AIM OF THE EXERCISE: Please write the data out once more, exactly as it is given.

Scraped caption text data:
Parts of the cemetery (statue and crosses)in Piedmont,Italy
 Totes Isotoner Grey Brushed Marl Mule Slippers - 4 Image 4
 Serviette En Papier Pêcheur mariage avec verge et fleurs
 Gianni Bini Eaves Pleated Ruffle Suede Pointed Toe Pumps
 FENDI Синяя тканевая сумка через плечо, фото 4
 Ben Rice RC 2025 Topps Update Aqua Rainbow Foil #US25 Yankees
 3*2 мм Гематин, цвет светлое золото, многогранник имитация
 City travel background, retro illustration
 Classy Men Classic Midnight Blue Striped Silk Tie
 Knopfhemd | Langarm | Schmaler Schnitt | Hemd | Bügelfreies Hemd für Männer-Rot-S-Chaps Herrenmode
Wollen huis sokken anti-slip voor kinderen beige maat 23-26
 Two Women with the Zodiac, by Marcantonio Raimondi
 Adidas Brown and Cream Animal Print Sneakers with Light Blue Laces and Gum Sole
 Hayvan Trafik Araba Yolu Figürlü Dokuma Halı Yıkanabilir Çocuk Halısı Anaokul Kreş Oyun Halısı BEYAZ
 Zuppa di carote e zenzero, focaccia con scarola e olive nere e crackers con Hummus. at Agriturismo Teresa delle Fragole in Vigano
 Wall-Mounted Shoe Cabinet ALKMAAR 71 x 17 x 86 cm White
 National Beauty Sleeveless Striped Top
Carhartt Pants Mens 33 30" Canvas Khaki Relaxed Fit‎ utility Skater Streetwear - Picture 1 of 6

TASK ANSWER:
Parts of the cemetery (statue and crosses)in Piedmont,Italy
 Totes Isotoner Grey Brushed Marl Mule Slippers - 4 Image 4
 Serviette En Papier Pêcheur mariage avec verge et fleurs
 Gianni Bini Eaves Pleated Ruffle Suede Pointed Toe Pumps
 FENDI Синяя тканевая сумка через плечо, фото 4
 Ben Rice RC 2025 Topps Update Aqua Rainbow Foil #US25 Yankees
 3*2 мм Гематин, цвет светлое золото, многогранник имитация
 City travel background, retro illustration
 Classy Men Classic Midnight Blue Striped Silk Tie
 Knopfhemd | Langarm | Schmaler Schnitt | Hemd | Bügelfreies Hemd für Männer-Rot-S-Chaps Herrenmode
Wollen huis sokken anti-slip voor kinderen beige maat 23-26
 Two Women with the Zodiac, by Marcantonio Raimondi
 Adidas Brown and Cream Animal Print Sneakers with Light Blue Laces and Gum Sole
 Hayvan Trafik Araba Yolu Figürlü Dokuma Halı Yıkanabilir Çocuk Halısı Anaokul Kreş Oyun Halısı BEYAZ
 Zuppa di carote e zenzero, focaccia con scarola e olive nere e crackers con Hummus. at Agriturismo Teresa delle Fragole in Vigano
 Wall-Mounted Shoe Cabinet ALKMAAR 71 x 17 x 86 cm White
 National Beauty Sleeveless Striped Top
Carhartt Pants Mens 33 30" Canvas Khaki Relaxed Fit‎ utility Skater Streetwear - Picture 1 of 6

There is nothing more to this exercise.